### Input
--*--

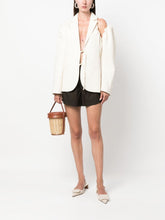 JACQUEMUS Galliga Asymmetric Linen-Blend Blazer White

--*--

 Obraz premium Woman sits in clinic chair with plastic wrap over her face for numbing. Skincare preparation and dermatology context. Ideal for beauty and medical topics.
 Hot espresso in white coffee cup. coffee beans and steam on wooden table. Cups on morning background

--*--

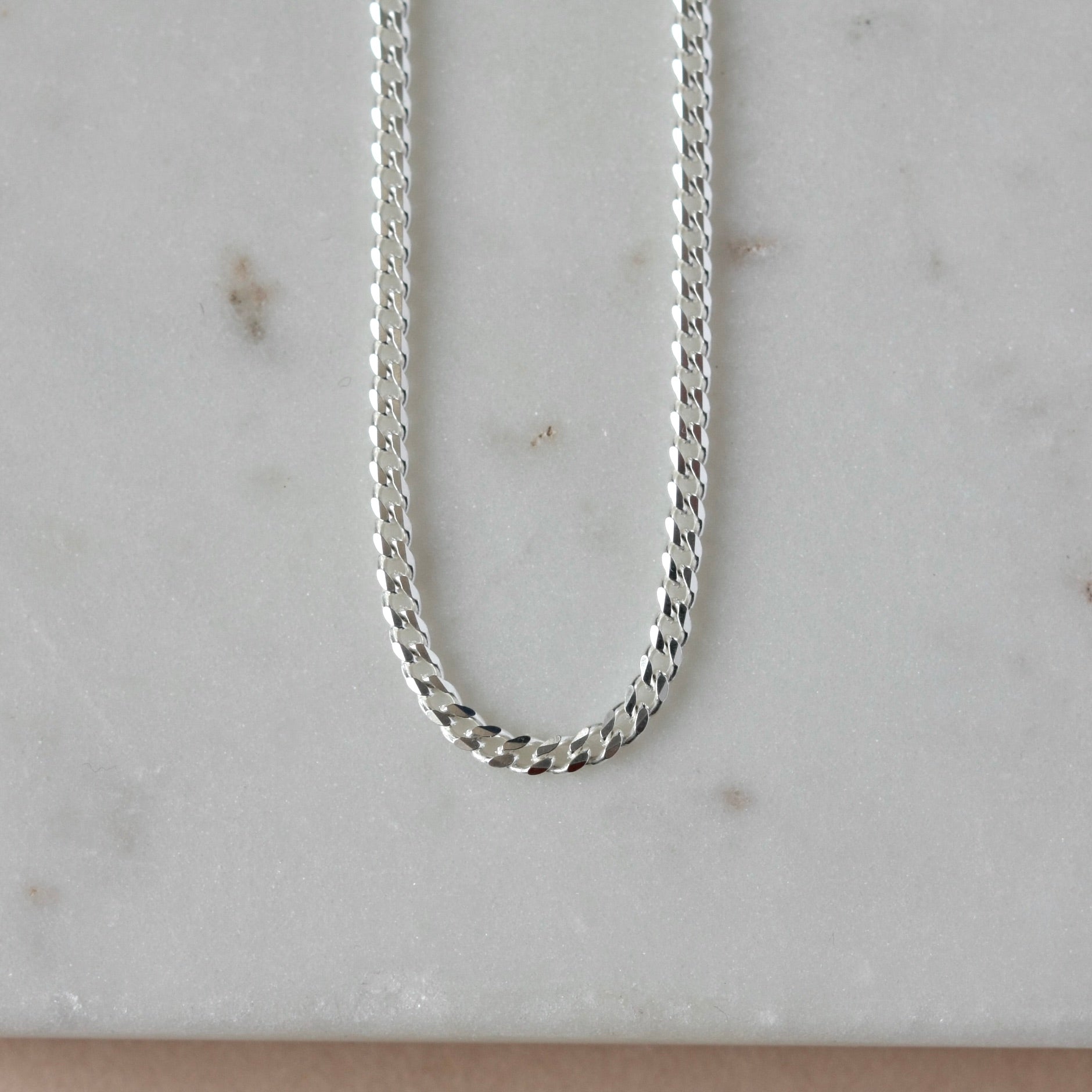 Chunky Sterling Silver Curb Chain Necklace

--*--

### Exercise requirements
Starting at the line that has "Obraz premium Woman" and ending at the line that has "Hot espresso in", please write out the lines above exactly, leaving out all others.

### Worked solution
 Obraz premium Woman sits in clinic chair with plastic wrap over her face for numbing. Skincare preparation and dermatology context. Ideal for beauty and medical topics.
 Hot espresso in white coffee cup. coffee beans and steam on wooden table. Cups on morning background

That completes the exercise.